この判決は、第一項及び第三項に限り、仮りに執行することができる。
事実
原告両名訴訟代理人は、「被告らは各自原告両名に対し各金四、一七〇、八四〇円及びこれに対する昭和四二年七月二五日以降完済まで年五分の金員の支払をせよ。訴訟費用は被告らの負担とする。」との判決並びに仮執行の宣言を求め、その請求の原因として別紙(一)記載のとおり陳述し、被告会社及び被告森克の主張に対し別紙(三)記載のとおり反論した。〔証拠関係略〕
被告株式会社まるあ運輸商会及び同森克両名訴訟代理人は、「原告両名の各請求を棄却する。訴訟費用は原告両名の負担とする。」との判決を求め、答弁として別紙(二)記載のとおり述べた。〔証拠関係略〕
被告小笠原桂純は、本件第一乃至第三回各口頭弁論期日に出頭はしたが、この間なんらの訴訟行為もせず、第一回口頭弁論期日前に答弁書その他の準備書面の提出をもしない。
理由
第一 原告両名対被告株式会社まるあ運輸商会及び同森克の間
一 請求の原因一の事実(被告小笠原と被告会社との当時の関係)は、当事者間に争いがない。
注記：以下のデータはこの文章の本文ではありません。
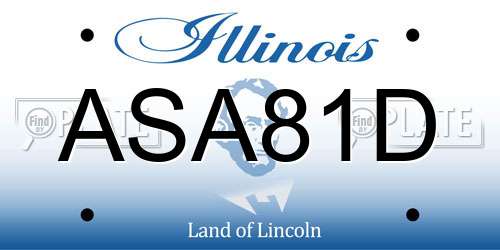 ASA81D Illinois License Plate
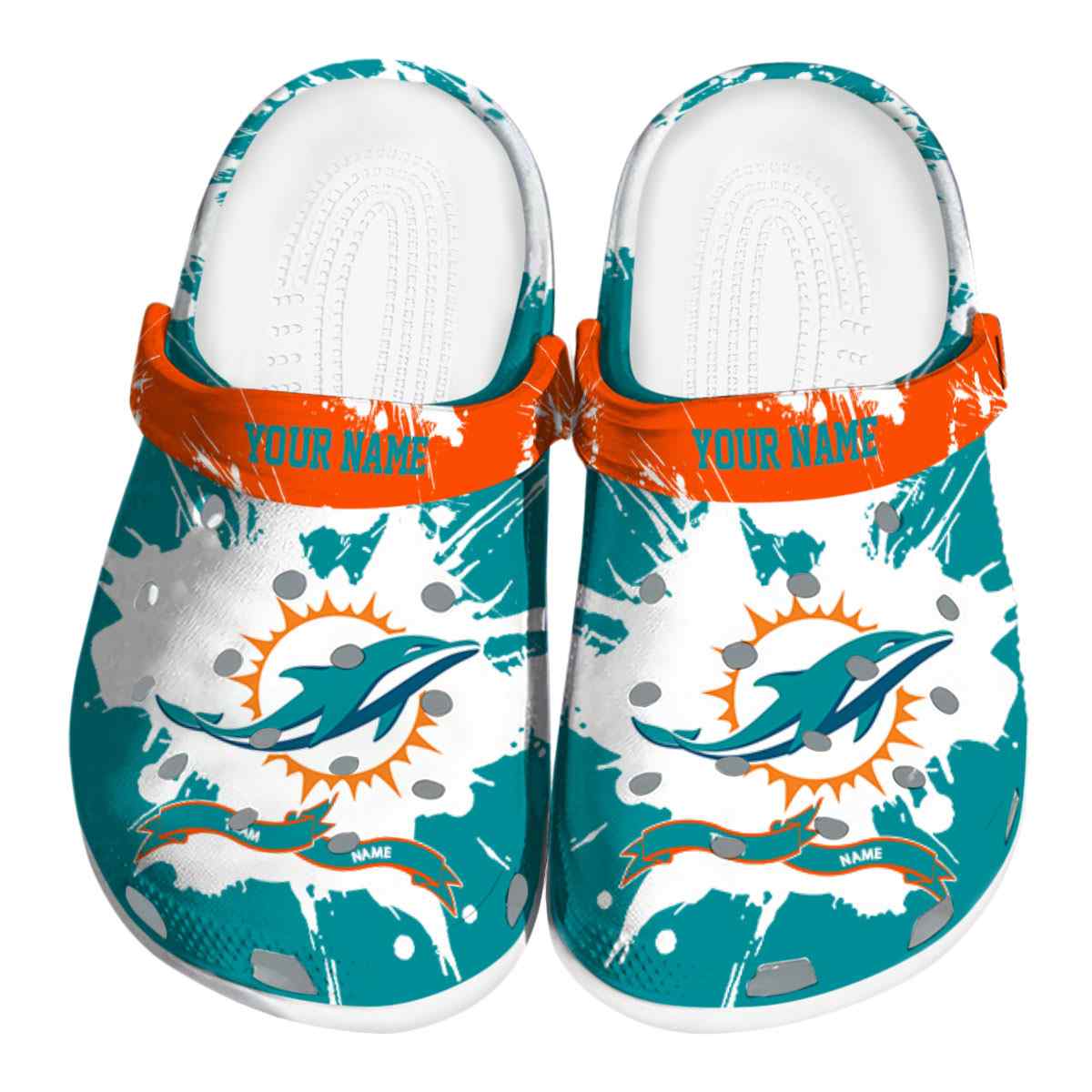 Footwearmerch Miami Dolphins NFL Sport Crocs Crocband Clogs Shoes Comfortable For Men Women and Kids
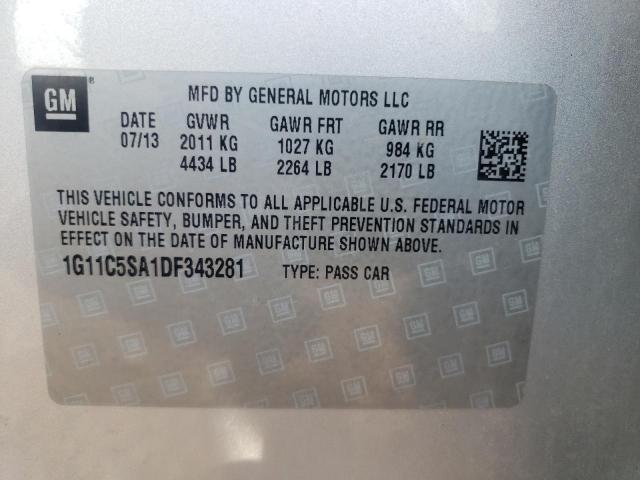 Photo 9 VIN: 1G11C5SA1DF343281 - CHEVROLET MALIBU 1LT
二 同二(事故の発生と被告小笠原の過失)は、「被告小笠原が原告両名主張の日時、場所で本件自動車を運転左折するに際し横断歩行中の訴外萩原郁に自車を接触させ、因つて同女を死亡するに至らしめた。」ことは当事者間に争いなく、「その余の事実」は、右の事実と〔証拠略〕により、これを肯認することができる外、以上の事実と〔証拠略〕を綜合すると「本件事故現場は横浜方面から東京方面(南から北)に至る歩車道の区別ある全幅員三六m、車道幅員二八mの主要幹線道路である国道一五号線(通称第一京浜国道、以下甲道路という。)とT字型に交差する幅員一四・六米(路肩を含む。片道二車線で、路肩を除く有効車道幅は約七m)の東方出田町埠頭に通ずる歩車道の区別のない道路(以下乙道路という。)との交差点(出田町交差点)の乙道路から同交差点に入る一寸手前で、同交差点は自動信号機により交通整理が行われており、周囲は市街地で乙道路はアスフアルト舗装、平坦、当時乾燥、車両の交通量多く、人のそれは普通、見透しよく、交差点手前には当時歩行者用の横断歩道の標示も標識もなく、付近に横断歩道橋もなかつた。これにひきかえ甲道路上にはこれを横断する歩行者のために右交差点の両側にそれぞれゼブラ模様の横断歩道の標示があつた。原告両名及びその長女訴外亡郁(被害者)の住居兼店舗(米穀商)はこのT字型交差点の南東角にあり(即ち、その居宅兼店舗の西側は甲道路の歩道に接し、北側は乙道路の路肩に接していた。)、従つて本件事故は原告両名の居宅兼店舗の直前で発生した。そして横断歩道の状況が右の如くであつたから、甲道路の横断歩行者は信号に従つて自然に横断できるわけであるが、原告両名宅から乙道路の反対側に行く場合又はその逆の場合(乙道路横断の場合)は、ルールに従えば一旦甲道路の歩道に出て同道路上の横断歩道を渡つてその反対側に到りそこの歩道を歩行して再び甲道路上の反対の横断歩道を渡つて同道路の歩道に出るという極めて迂回した不自然な方法でしか横断できない状態にあつた。
このような状況の下において、
(一) 被告小笠原は本件自動車を運転して(運転助手訴外塩澤政美同乗)出田町埠頭方面から右交差点に向いここで左折するつもりで乙道路の第二車線を走行してきたところ、同交差点の手前で対面信号が赤色になつたので交差点直前の停止線に自車の最先端がかかるような状態で一時停止しタバコに火をつけて専ら信号に注意を奪われその変るのをまつていた。このとき本件自動車の左横、第一車線上には大型トラツク一台が並列して停止していた。その中対面信号が赤色から青色に変つたので、同被告は本件自動車を発進させ時速四km~五kmで甲道路の横浜方面(南方)に向い左折しようとした折柄同車の直前方を右方から左方に他の少女(訴外萩原玲子、当時小学校三年生)と手をつないで乙道路を横断歩行中の訴外亡郁に自車右前部を接触させてしまつた。本件自動車はキヤブオーバータイプ(俗称鼻なし)で前方にラジエター、エンジンルーム等が凸出しておらず運転席は右側で前方左右の見透しのよい構造の車両であるが、同被告は対面信号の変化にのみ気をとられていて前方左右の安全を十分確認することなく本件事故を惹起してしまつた。なお、同被告は本件事故前昭和四一年一一月以降昭和四二年八月までの間にいずれも道交法違反で各罰金に処せられたことがある。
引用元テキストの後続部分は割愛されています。